To use the re-written induction variable, you could just use something like State.PrimaryIV = OrigLoop->reverseInductionVariable(*ILV.PSE.getSE());

Currently your reverseInductionVariable only rewrites the induction variable and related checks, but leaves other users of the IV untouched. I guess that's definitely fine if there are no other users (as in your test cases).
Given that I think you also might be able to do the re-write in-place (updating the existing add/icmp/sub instructions instead of creating new ones). Then there would be no need to update the existing VPlan at the moment I think.

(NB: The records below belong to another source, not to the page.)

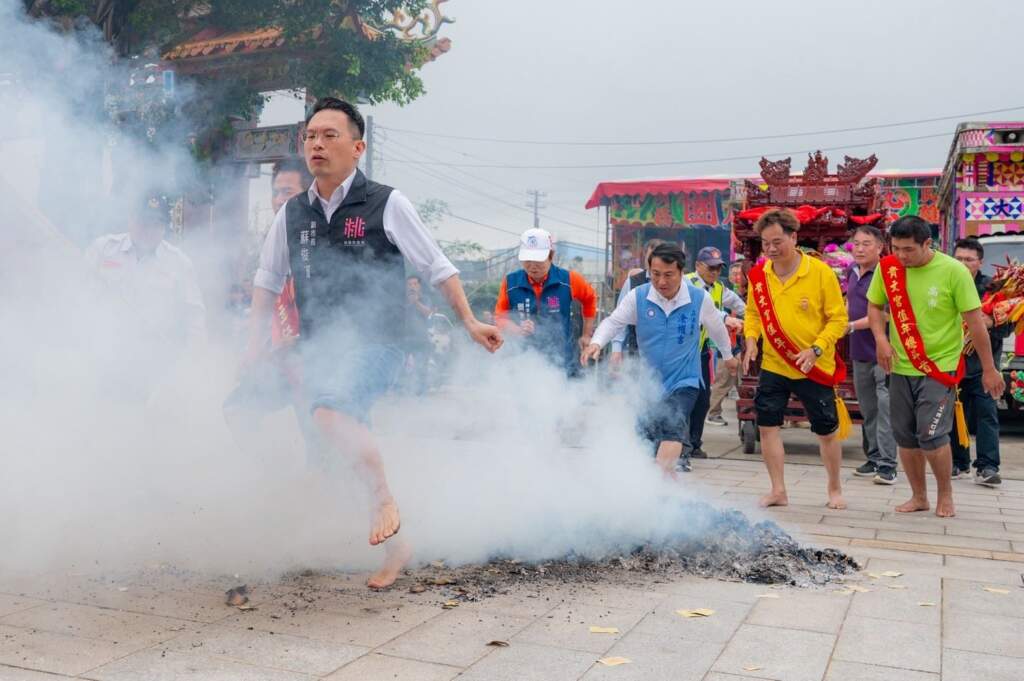 大園貴文宮遶境祈福　蘇俊賓三度挑戰赤腳過火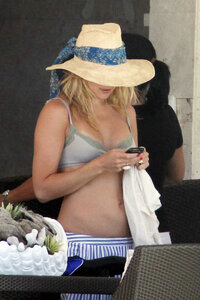 kate hudson in bikini 14.jpg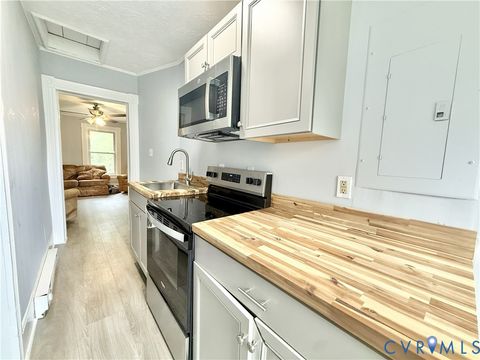 Tiny photo for 419 Park Avenue, Farmville, VA 23901 (MLS # 2614252)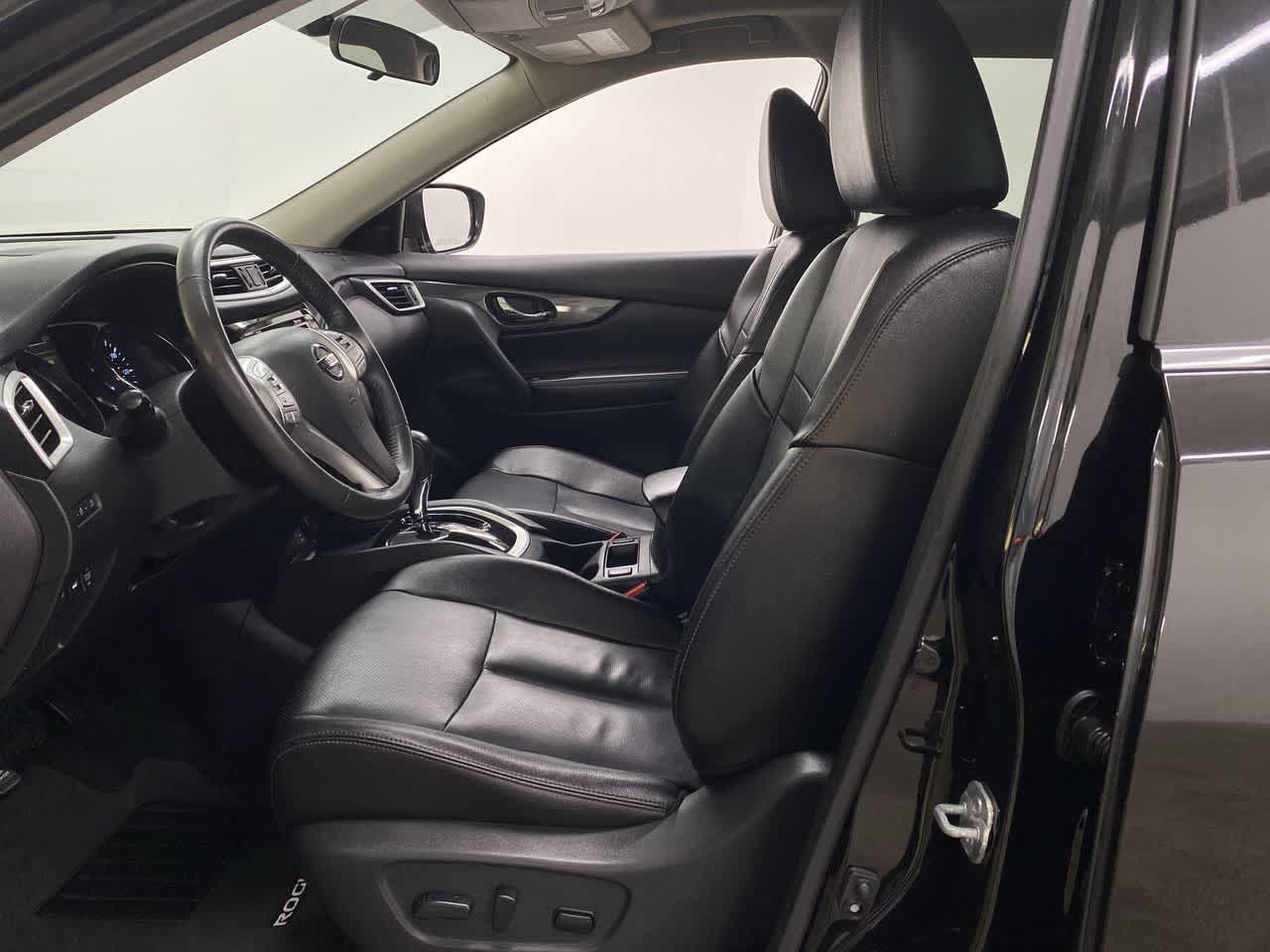 Thumbnail: 2016 Nissan Rogue - 15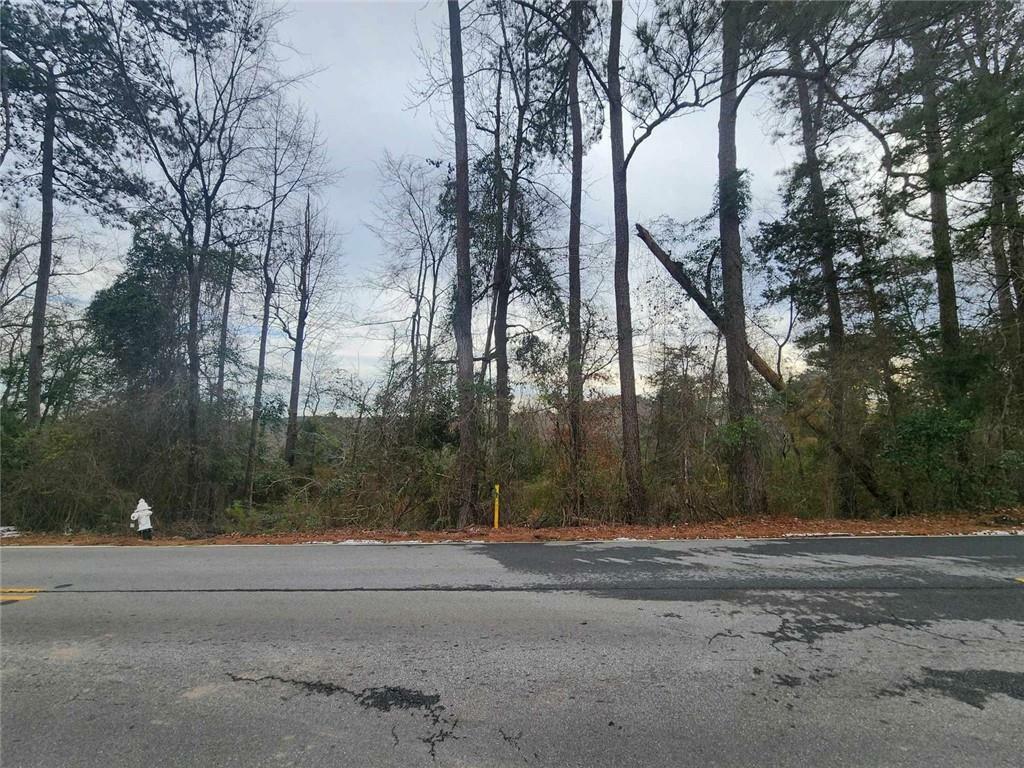 Property Photo: 2241 Carr Road NE GA 30012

If there are other users, it would mean that we also might change the order of the some operations in the loop (e.g. the order in which memory locations are accessed). This could be avoided by rewriting the uses of the IV with a new expression.

Yep, that's pretty much it. And just to add a little bit to your point 3: generate the code just before the vectoriser does most of its analysis/transformations.

I think we *don't* want to reverse the IV before deciding to vectorize.

Ayal added inline comments.Apr 7 2020, 3:30 AM
llvm/lib/Analysis/LoopInfo.cpp
220 ↗(On Diff #253896)

Right, given that it is only used there, one relatively straight-forward way to handling this might be to add a dedicated VPValue (%vp.primaryiv) for the primary induction variable to the plan and use it there. I've put up a patch for that in D77577. I think it might be a beneficial refactor either way, as using Legal->getPrimaryInduction() unnecessarily couples Legal and codegen.

VPRecipeBuilder::createBlockInMask() is part of VPlan construction rather than codegen, so having it call Legal should be fine. D77635 which follows approach (1) above continues to rely on an original primary induction (start=0, step=1) and its widening, when available, and otherwise widens the new induction created during codegen to control the vector loop (start=0, step=VF*UF).

SjoerdMeijer abandoned this revision.Apr 22 2020, 2:02 AM

Implemented with a vplan transformation in D77635, abandoning this change.